◆ THE PROBLEM ◆
Where the line containing "नवीन sir wife" appears in the records below, begin there and write out each line exactly until the last one, and nothing more.

◆ SUPPLIED INFORMATION ◆
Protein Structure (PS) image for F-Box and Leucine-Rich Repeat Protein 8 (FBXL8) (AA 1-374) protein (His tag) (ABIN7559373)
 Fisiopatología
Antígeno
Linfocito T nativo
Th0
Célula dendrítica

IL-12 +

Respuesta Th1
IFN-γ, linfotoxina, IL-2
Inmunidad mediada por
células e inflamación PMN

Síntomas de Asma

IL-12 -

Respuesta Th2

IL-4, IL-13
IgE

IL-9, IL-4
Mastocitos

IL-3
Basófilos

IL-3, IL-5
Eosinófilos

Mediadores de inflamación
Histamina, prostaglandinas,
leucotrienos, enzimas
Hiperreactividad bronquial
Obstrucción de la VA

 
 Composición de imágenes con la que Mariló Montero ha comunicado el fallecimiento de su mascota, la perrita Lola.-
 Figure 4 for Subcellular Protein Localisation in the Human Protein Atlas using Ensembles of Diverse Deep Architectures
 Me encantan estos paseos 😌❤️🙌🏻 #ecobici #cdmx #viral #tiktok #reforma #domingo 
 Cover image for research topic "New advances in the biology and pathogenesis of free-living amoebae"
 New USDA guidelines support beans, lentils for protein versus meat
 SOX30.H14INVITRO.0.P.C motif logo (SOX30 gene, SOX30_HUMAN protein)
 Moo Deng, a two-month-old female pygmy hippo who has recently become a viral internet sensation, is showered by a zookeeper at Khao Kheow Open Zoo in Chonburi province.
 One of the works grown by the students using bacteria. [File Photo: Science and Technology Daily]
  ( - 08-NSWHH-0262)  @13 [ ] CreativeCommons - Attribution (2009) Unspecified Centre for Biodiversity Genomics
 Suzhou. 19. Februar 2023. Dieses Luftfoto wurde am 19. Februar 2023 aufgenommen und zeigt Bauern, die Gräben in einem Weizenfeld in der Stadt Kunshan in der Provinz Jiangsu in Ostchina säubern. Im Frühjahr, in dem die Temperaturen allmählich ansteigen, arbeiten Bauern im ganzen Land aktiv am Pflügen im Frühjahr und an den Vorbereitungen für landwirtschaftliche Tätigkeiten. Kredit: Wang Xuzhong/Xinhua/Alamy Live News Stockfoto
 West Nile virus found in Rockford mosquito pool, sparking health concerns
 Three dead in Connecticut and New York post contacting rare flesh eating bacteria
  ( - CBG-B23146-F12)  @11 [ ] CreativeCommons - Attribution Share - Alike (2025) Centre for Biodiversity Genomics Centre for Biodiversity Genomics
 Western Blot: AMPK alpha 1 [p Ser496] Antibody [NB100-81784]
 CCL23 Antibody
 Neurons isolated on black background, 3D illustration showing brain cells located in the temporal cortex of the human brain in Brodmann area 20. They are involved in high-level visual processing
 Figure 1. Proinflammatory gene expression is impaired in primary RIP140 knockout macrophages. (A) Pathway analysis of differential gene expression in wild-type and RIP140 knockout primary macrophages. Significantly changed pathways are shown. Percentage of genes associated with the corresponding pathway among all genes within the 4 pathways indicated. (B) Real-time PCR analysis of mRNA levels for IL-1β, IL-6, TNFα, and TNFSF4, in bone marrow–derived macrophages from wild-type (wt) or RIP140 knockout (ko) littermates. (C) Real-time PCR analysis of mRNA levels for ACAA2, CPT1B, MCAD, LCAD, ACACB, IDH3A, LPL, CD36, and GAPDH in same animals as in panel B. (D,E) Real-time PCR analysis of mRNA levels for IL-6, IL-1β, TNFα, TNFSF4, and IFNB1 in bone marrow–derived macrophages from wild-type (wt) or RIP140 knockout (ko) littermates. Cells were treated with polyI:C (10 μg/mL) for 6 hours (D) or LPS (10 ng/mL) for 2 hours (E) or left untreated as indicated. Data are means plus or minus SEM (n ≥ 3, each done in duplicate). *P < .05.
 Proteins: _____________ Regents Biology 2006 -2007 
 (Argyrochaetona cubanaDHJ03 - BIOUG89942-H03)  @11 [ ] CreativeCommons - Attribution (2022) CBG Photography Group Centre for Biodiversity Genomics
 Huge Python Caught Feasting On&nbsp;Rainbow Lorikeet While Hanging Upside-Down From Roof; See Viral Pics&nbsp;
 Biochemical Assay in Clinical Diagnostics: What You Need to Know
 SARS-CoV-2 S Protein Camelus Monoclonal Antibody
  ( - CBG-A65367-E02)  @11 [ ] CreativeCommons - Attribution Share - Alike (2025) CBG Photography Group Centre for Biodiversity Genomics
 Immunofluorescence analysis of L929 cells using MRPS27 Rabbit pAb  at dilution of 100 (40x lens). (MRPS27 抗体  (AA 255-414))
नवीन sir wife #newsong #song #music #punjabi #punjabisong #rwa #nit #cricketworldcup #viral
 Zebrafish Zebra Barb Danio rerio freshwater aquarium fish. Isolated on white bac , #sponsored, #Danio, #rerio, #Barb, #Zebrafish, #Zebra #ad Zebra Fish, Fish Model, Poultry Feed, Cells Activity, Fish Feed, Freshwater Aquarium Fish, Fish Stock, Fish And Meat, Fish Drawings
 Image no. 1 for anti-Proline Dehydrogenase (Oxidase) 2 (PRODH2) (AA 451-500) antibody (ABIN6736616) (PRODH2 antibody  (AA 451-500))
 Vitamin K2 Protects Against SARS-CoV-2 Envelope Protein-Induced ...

◆ SOLUTION TO THIS PROBLEM ◆
नवीन sir wife #newsong #song #music #punjabi #punjabisong #rwa #nit #cricketworldcup #viral
 Zebrafish Zebra Barb Danio rerio freshwater aquarium fish. Isolated on white bac , #sponsored, #Danio, #rerio, #Barb, #Zebrafish, #Zebra #ad Zebra Fish, Fish Model, Poultry Feed, Cells Activity, Fish Feed, Freshwater Aquarium Fish, Fish Stock, Fish And Meat, Fish Drawings
 Image no. 1 for anti-Proline Dehydrogenase (Oxidase) 2 (PRODH2) (AA 451-500) antibody (ABIN6736616) (PRODH2 antibody  (AA 451-500))
 Vitamin K2 Protects Against SARS-CoV-2 Envelope Protein-Induced ...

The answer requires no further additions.